I use botanical oils. I also use incense. I use a candle. I have a saucer of water. I have a purple cushion. Whole cultures have developed a range of means for your support. Find your tools. But whatever tools they are, make them certain.  Make them available and reliable.  Make them part of your routine.  It could be something very, very small. You might bring in a momento or a photo to put where you practice.

Another one of my students asked me, can I do this in the bathtub? This is sensual practice.  If the only place you’re capable of sitting with your own suffering, with your own stress and distress, is in a bathtub? Then do that.

But tell me. What does this say about your approach to your life and to others? Are you so enmeshed in the phenomena of your day that you cannot turn towards yourself – be a friend to yourself – for three minutes, five minutes, or ten?  Can we just have a look at that?

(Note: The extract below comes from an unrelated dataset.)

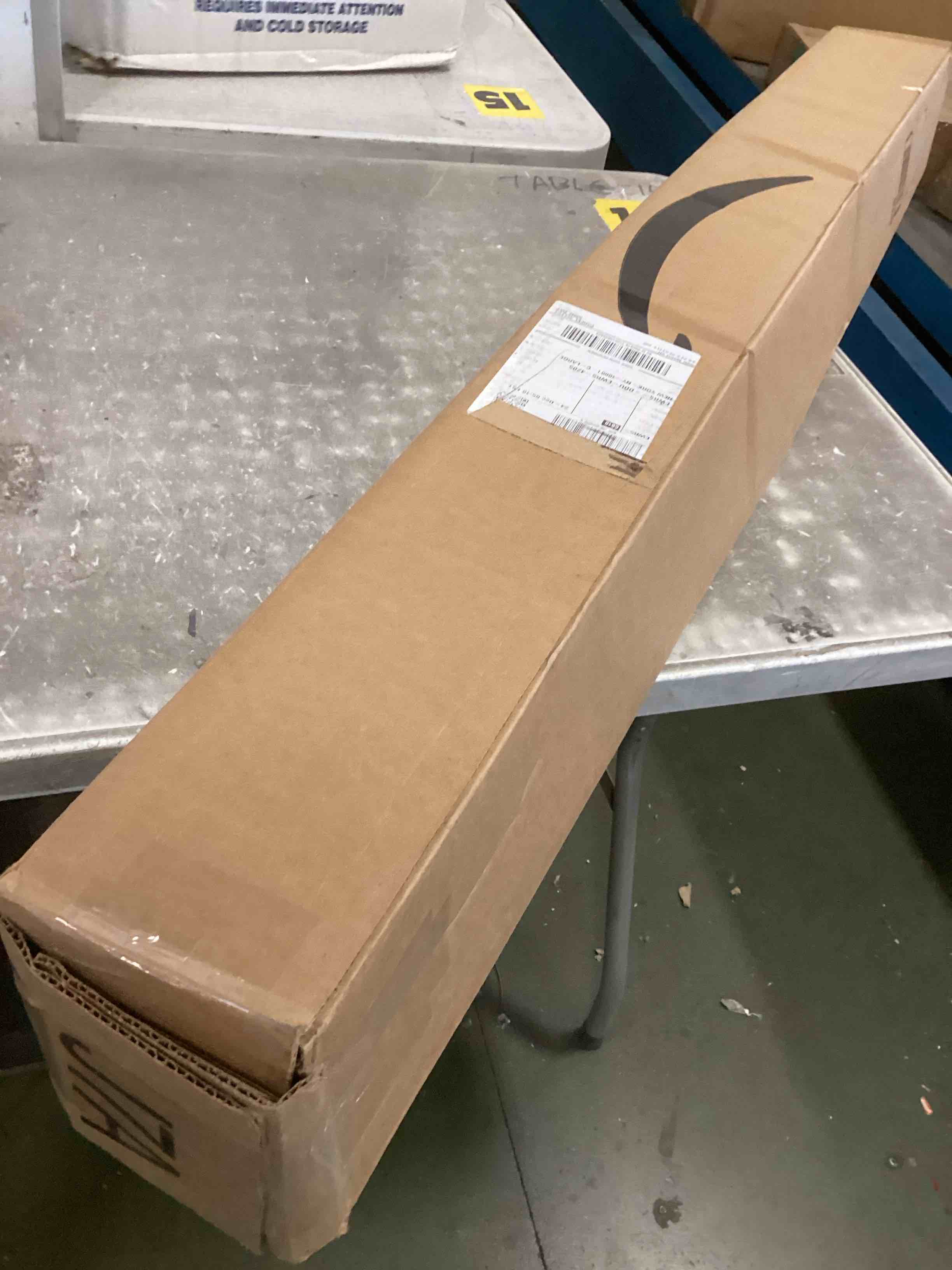 https://s3.amazonaws.com/lotting-images-prod/bidfta/GRA1884268_1736973700120.jpeg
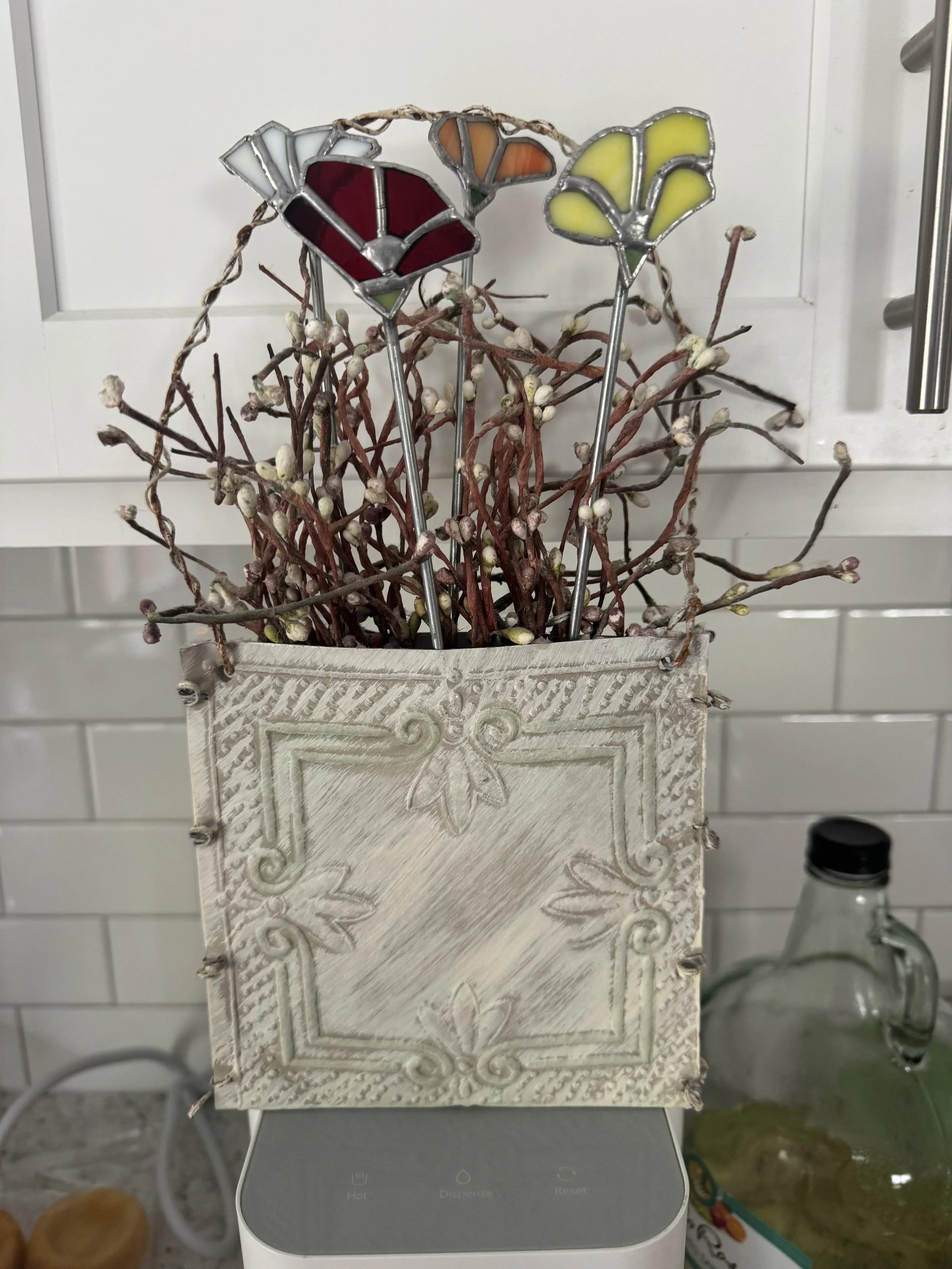 Stained‑glass floral arrangement by Sue’s Craft Creations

Perhaps it is a matter of respect. Unless you respect that triangle of stress, distress and suffering in your own life and approach this with kindness, compassion and care, you certainly cannot be with the stress, suffering and distress of others.  Nor of the planet. You are turning your back on yourself.  On the planet.  And on your community.

We as a human species must be able to be aware of distress within ourselves, of the distress of the planet, and of the stress and suffering we are encountering amongst ourselves, in our environment, amidst our families, with our colleagues and in our communities. Our planet is in deep distress.  Can we take our awareness practice to that? With care, compassion and kindness?

Preparation for practice is bringing courage and respect to the prospect of being able aware of ourselves, being aware of the suffering we carry in ourselves and of the suffering we extend to others.

Perhaps you have a place on your couch and you’ve got a little cloth coaster that helps you feel good.  And so you put that coaster on the arm of your couch and you have your mug or your tea cup that reminds you of your mother (in a good way!).  You have created a space of significance.  This space has meaning for you. This is your nest.

So take your ‘muggy mug’ that I talked about in the previous blog on overwhelm. And perhaps you can simply sit here for a minute, for three minutes.  Don’t go turn on the TV, don’t go to your phone, simply sit there. Perhaps you can feel yourself turning away from all that external stimulation as you begin to turn inward. Start with one hundred and eighty seconds.

If you can do that, you’ve got a start.